If we fail to detect click fraud or other invalid clicks, we could lose the confidence of our advertisers, thereby causing our business to suffer.
We are exposed to the risk of fraudulent clicks and other invalid clicks on our ads from a variety of potential sources. We have regularly refunded fees that our advertisers have paid to us that were later attributed to click fraud and other invalid clicks, and we expect to do so in the future. Invalid clicks are clicks that we have determined are not intended by the user to link to the underlying content, such as inadvertent clicks on the same ad twice and clicks resulting from click fraud. Click fraud occurs when a user intentionally clicks on a Google AdWords ad displayed on a web site for a reason other than to view the underlying content. If we are unable to stop these invalid clicks, these refunds may increase. If we find new evidence of past invalid clicks we may issue refunds retroactively of amounts previously paid to our Google Network members. This would negatively affect our profitability, and these invalid clicks could hurt our brand. If invalid clicks are not detected, the affected advertisers may experience a reduced return on their investment in our advertising programs because the invalid clicks will not lead to potential revenue for the advertisers. This could lead the advertisers to become dissatisfied with our advertising programs, which has led to litigation, could lead to further litigation and could lead to a loss of advertisers and revenues.
Index spammers could harm the integrity of our web search results, which could damage our reputation and cause our users to be dissatisfied with our products and services.
There is an ongoing and increasing effort by index spammers to develop ways to manipulate our web search results.
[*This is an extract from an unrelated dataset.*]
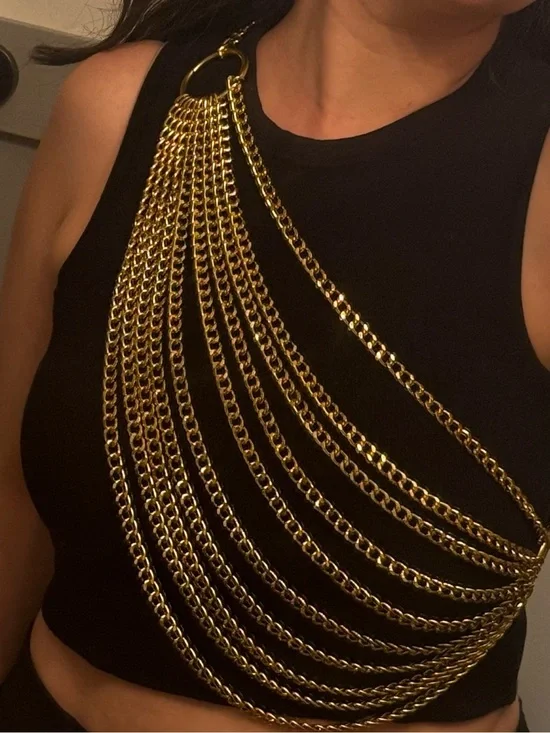 Anthropologie Gold Chain Draped Waist Belt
For example, because our web search technology ranks a web pages relevance based in part on the importance of the web sites that link to it, people have attempted to link a group of web sites together to manipulate web search results. We take this problem very seriously because providing relevant information to users is critical to our success. If our efforts to combat these and other types of index spamming are unsuccessful, our reputation for delivering relevant information could be diminished. This could result in a decline in user traffic, which would damage our business.
Privacy concerns relating to our technology could damage our reputation and deter current and potential users from using our products and services.
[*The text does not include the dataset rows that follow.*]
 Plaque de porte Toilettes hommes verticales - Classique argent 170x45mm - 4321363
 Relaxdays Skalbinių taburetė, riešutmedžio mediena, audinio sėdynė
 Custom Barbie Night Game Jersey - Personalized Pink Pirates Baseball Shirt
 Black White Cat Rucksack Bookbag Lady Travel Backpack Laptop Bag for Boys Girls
From time to time, concerns may be expressed about whether our products and services compromise the privacy of users and others. Concerns about our practices with regard to the collection, use, disclosure or security
of personal information or other privacy-related matters, even if unfounded, could damage our reputation and operating results. While we strive to comply with all applicable data protection laws and regulations, as well as our own posted privacy policies, any failure or perceived failure to comply may result in proceedings or actions against us by government entities or others, which could potentially have an adverse affect on our business. Laws related to data protection continue to evolve. It is possible that certain jurisdictions may enact laws or regulations that impact our ability to offer our products and services in those jurisdictions, which could harm our business.
Our business is subject to a variety of U.S. and foreign laws that could subject us to claims or other remedies based on the nature and content of the information searched or displayed by our products and services, and could limit our ability to provide information regarding regulated industries and products.
The laws relating to the liability of providers of online services for activities of their users are currently unsettled both within the U.S. and abroad. Claims have been threatened and filed under both U.S. and foreign law for defamation, libel, invasion of privacy and other data protection claims, tort, unlawful activity, copyright or trademark infringement, or other theories based on the nature and content of the materials searched and the ads posted or the content generated by our users. From time to time we have received notices from individuals who do not want their names or web sites to appear in our web search results when certain keywords are searched. It is also possible that we could be held liable for misinformation provided over the web when that information appears in our web search results. If one of these complaints results in liability to us, it could be potentially costly, encourage similar lawsuits, distract management and harm our reputation and possibly our business. In addition, increased attention focused on these issues and legislative proposals could harm our reputation or otherwise affect the growth of our business.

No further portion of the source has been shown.